● **Record extracts**:
☆ ☆ ☆ ☆ ☆
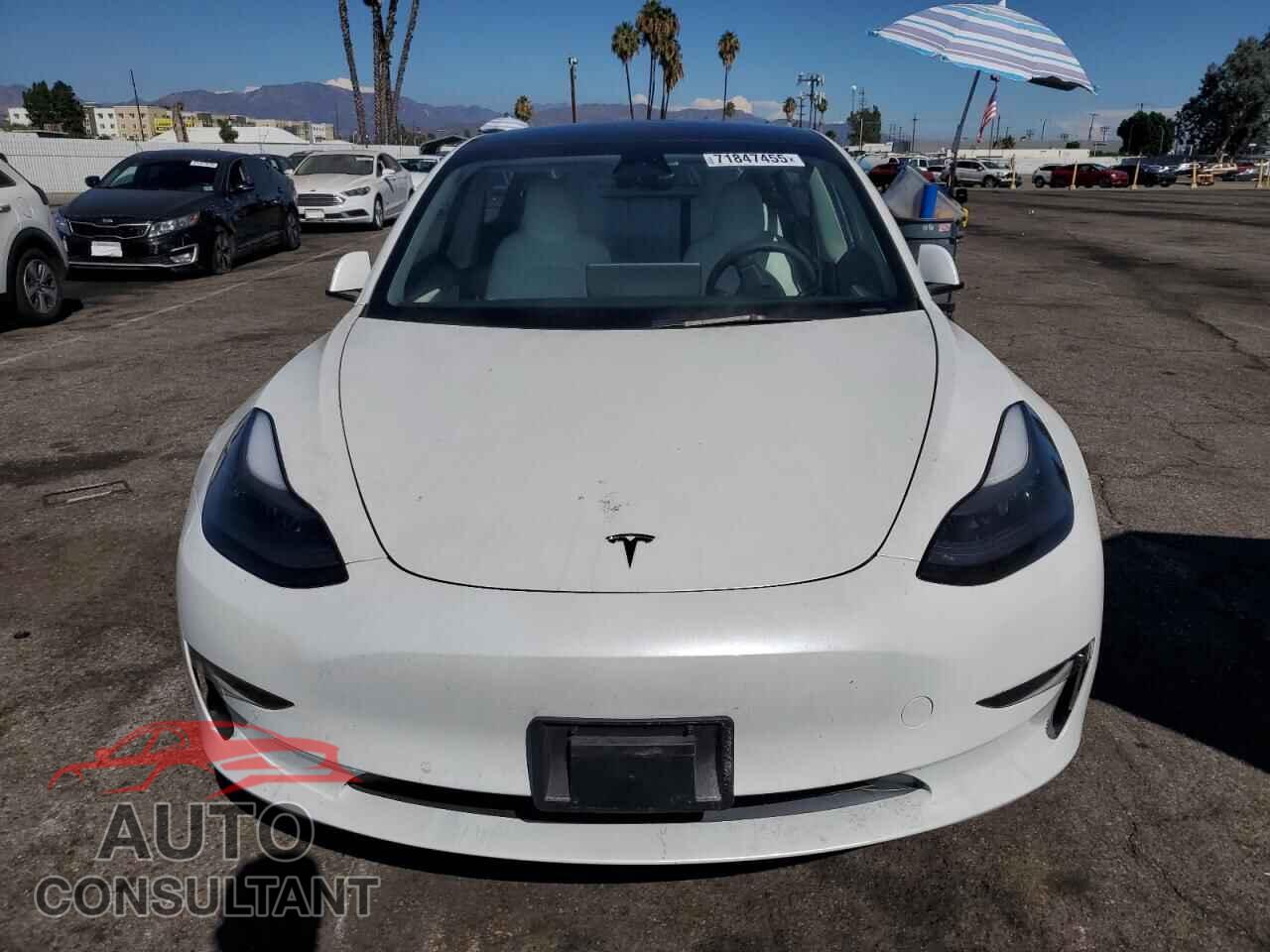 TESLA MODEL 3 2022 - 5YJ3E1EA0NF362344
☆ ☆ ☆ ☆ ☆
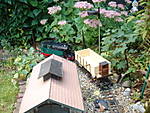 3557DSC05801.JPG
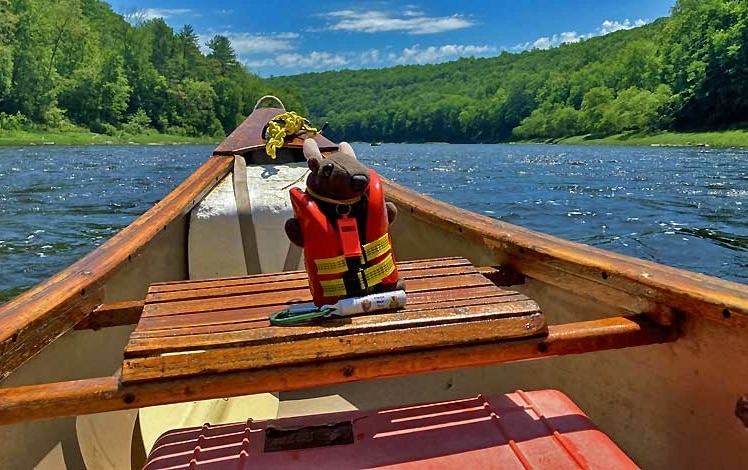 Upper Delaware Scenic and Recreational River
☆ ☆ ☆ ☆ ☆
● **Task requirements**: The expected output is the lines above from the one containing "3557DSC05801.JPG" to the one containing "Upper Delaware Scenic and Recreational River", both ends included, reproduced exactly with every picture left out.

● **Solution for this problem**:
 3557DSC05801.JPG
 Upper Delaware Scenic and Recreational River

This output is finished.